Ramalinga Raju then spent his Christmas countering the allegations by World Bank. The company asked World Bank to immediately withdraw those statements and apologise to Satyam, which obviously the Bank never did. Meanwhile, Raju's share in the company fell from 8% to 5% making it an attractive bid target. HOW THE LID WAS BLOWN? Post the Maytas fiasco, DSP Merill Lynch was appointed to look into Satyam's books and possibly find it a suitor and soothe the shareholder outcry. On Tuesday, January 6, DSPML is reported to have met Sebi officials and told them about large scale accounting irregularities. It told the regulator that it was uncomfortable in handling the mandate. It also submitted a letter to Sebi on the same. The night of January 6, was one of the most discomforting nights for Raju and his family. As day broke, at 9.45 am, before the opening of the markets, a letter was faxed to Sebi Chairman, the board of Satyam, BSE and NSE. Rest is history. In the letter Raju, admitted about an inflated (non-existent) cash and bank balance of Rs 5,040 crore, an over stated debtor position of Rs 490 crore (as against Rs 2651 reflected in the books) and a fake liability of Rs 1,230 crore. Nasscom went into an immediate damage control due to the disclosures made by its past Chairman. Nasscom President Som Mittal said: "This is a stand-alone case of failure. We expressed shock at the disclosures made by Mr Ramalinga Raju."
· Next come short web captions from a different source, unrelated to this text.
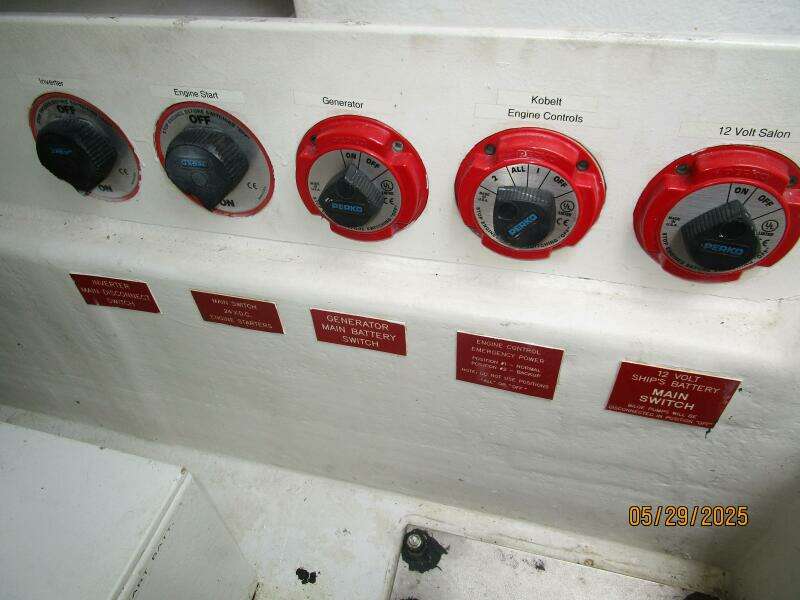 58' West Bay battery switches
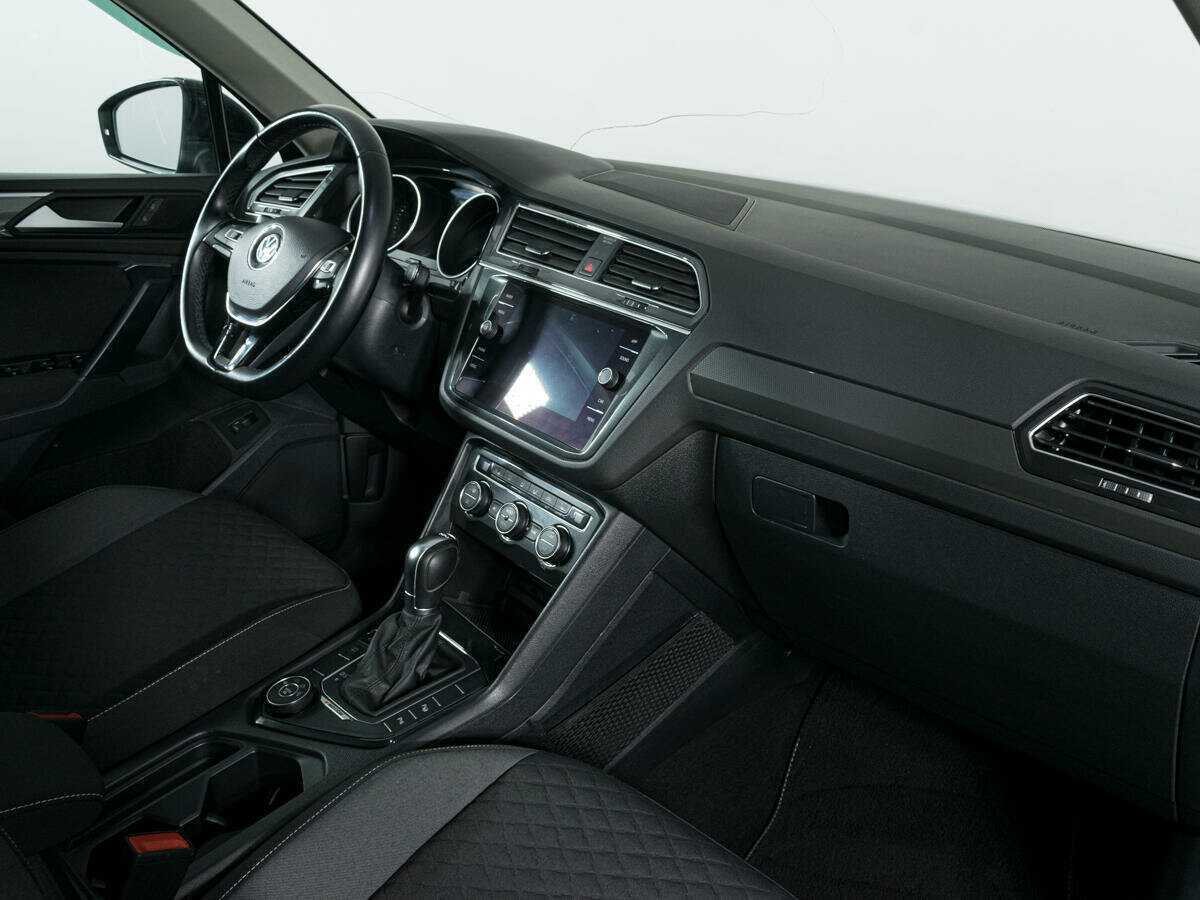 Купить Volkswagen Tiguan с пробегом. Фото: #8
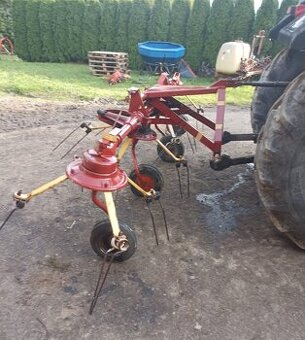 Przetrząsacz przewracarka karuzelowa zawieszana Deutz-Fahr K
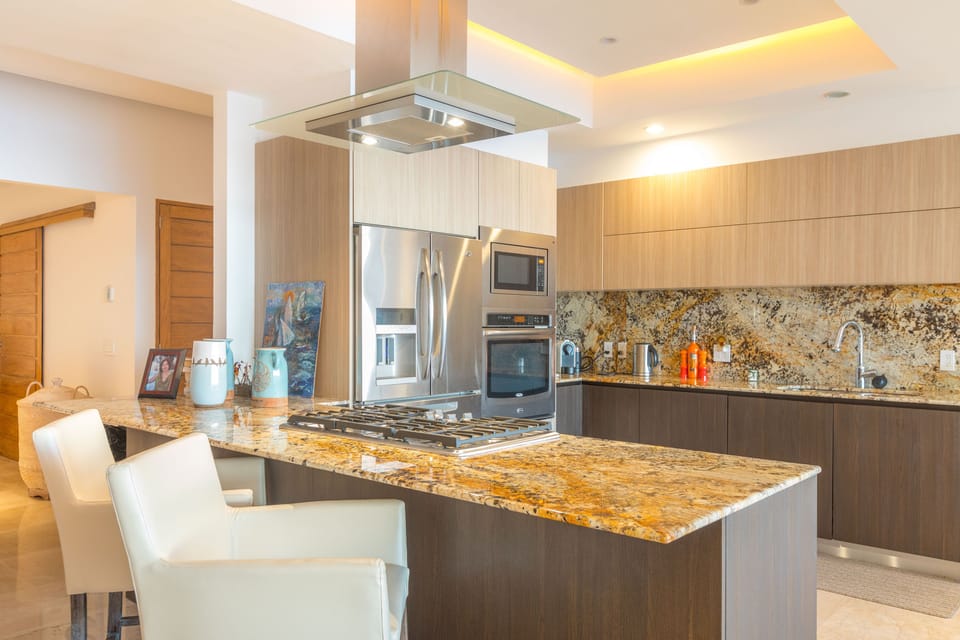 Fully equipped kitchen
Satyam was originally started as Satyam Constructions. In 1987, Ramalinga Raju with his botherin-law DVS Raju, founded Satyam Constructions. It was perhaps here that he inherited the construction and real industry balance sheet skills. Perhaps its Mr Raju's real estate genes that he tried to impregnate inside an IT setup that back fired. GOVERNMENT ACTS Concerned about the fate of its 53,000 employees spread across 55 countries, the government took stern steps. PC Gupta, the Minister for Company Affairs, announced sacking of the board and appointment of new directors, to be announced over the next few days. The former Satyam chairman and his brother have been booked for non-bailable under the Indian Penal Code, which could put them behind bars for years. And by superseding the board, the government has sought to ensure business continuity and that documents are not tampered with. SEBI committee on corporate governance chairman and Infosys chief mentor NR Narayana Murthy says he is shocked and painfully dismayed. THE WAY FORWARD With the government now taking over things it will be reassuring for Satyam customers, employees and stakeholders. These is assurance now of business continuity and this could eventually help the beleaguered company find a buyer. In fact,

things look bright for a government assisted transaction like a Bear Stearns type of rescue where JP Morgan bought (assisted by the US government) the beleaguered investment bank for as low as $10 a share. Alternately, post a thorough due diligence by government and auditors, Satyam could be broken up into pieces (BPO business, verticals, service lines et al) and sold to several buyers, like energy giant Enron was. "With the government taking over the board, we are advising our clients to stay put as the cost and time of transition is very large at the moment," says Avinash Vasishtha, CEO of Tholons. There are three options before the government. According to Tholons, the best option is to stabilise Satyam and merge it with an indemnity against any financial liability with a bigger IT company. However, even as the government would prefer a quick end to the current turmoil, there could be delays due to the sheer magnitude of the mess. Whichever way things go, experts agree that Satyam may not exist as a standalone entity for very long. With government support it will be easier, to begin with get cash to manage the operations of the cash starved company, reassure global clients and stakeholders and eventually find a buyer.